The structure of this paper is methodically organized. Section II details the proposed architecture, while Section III delves into the specifics of the hardware implementation. Experimental results are presented in Section IV. Finally, the paper concludes with Section V, summarizing the study's findings and implications.

## II. THE PROPOSED CNN ARCHITECTURE



Fig 1. The overview of the proposed 1-D CNN architecture.

The input sensor data of the propsoed one-dimensional (1-D) CNN model consists of  $1 \times 1600$  raw data points for each image. The model architecture is illustrated in Fig. 1, and is composed of five layers specifically designed for convolution (Conv.). In each of these convolutional layers, there are three main stages: the Convolution stage, where  $1 \times 7$  kernels are used; the Batch Normalization (BN) stage; and the ReLU stage. Following each of these layers, a max-pooling technique is applied. Lastly, the architecture includes one fully connected (FC) layer, which functions as a classifier in the final layer.

The paper utilizes a bearing dataset from the University of Paderborn's bearing data center to train the proposed model.
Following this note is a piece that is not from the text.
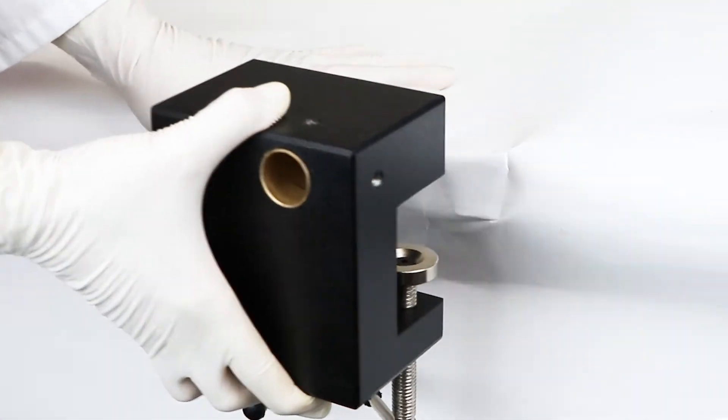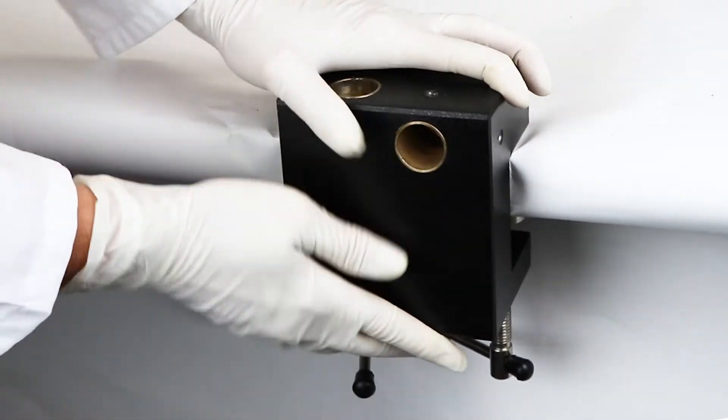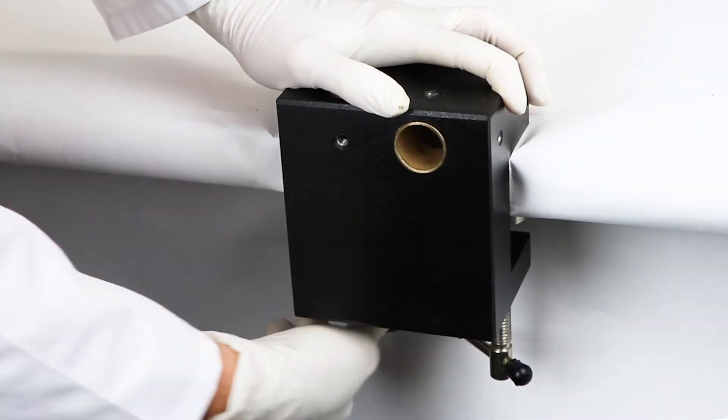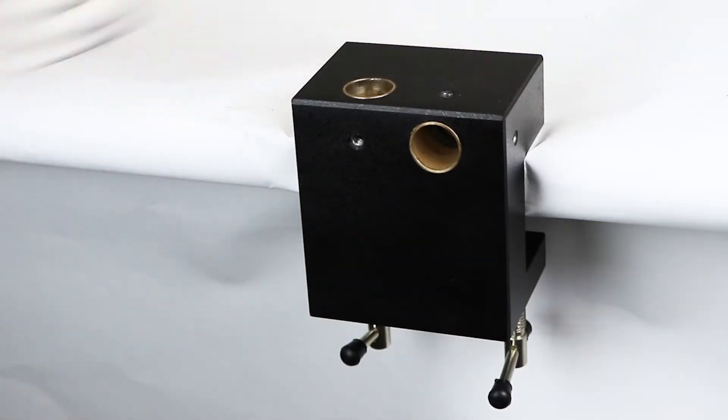Loosen the two screws on the table clamp. Position the clamp so that it wraps around the edge of the table with the screws located under the table. Then tighten the screws to securely mount the stand to the table.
This dataset includes four types of faults: normal, outer race fault (ORF), inner race fault (IRF), and a compound fault involving both the inner and outer race (OIRF). Labels 0 to 3 are assigned to represent the normal, ORF, IRF, and OIRF types, respectively. Additionally, the dataset specifies that the sampling rate of the current signal is 64 kHz, and the rotational speed is categorized into two groups: 900 and 1,500 revolutions per minute (rpm).

This study's data preprocessing includes two main steps: down-sampling and fixed-point digitizing. Down-sampling is utilized to lower sampling rates while maintaining the accuracy of the CNN, especially beneficial for datasets with high initial sampling rates. Uniquely in this approach, the total number of data points per image is kept constant, leading to an extended raw data time duration. This extension permits the features of bearing rotation to be represented multiple times within a single image, thereby improving the accuracy of the CNN model. The experimental results indicate that the sampling rate of data points can be effectively reduced by a factor of 10 without causing a significant decrease in accuracy.

The fixed-point format in this study employs a set number of digits for representing numbers, which includes both integer bits and decimal digits. Due to the high computational complexity associated with floating-point calculations, fixedpoint arithmetic serves as an approximation of floating-point arithmetic. While fixed-point operations might somewhat reduce the model's accuracy, they also significantly lower computational complexity and enhance computational speed. In the dataset, the integer bits are allocated 4 bits, with a range from -8 to 7. Numerous experiments were conducted to ascertain the optimal number of decimal bits. These experiments revealed that with a down-sampling factor of 10, the test accuracy of the model stabilizes when the number of decimal bits exceeds five.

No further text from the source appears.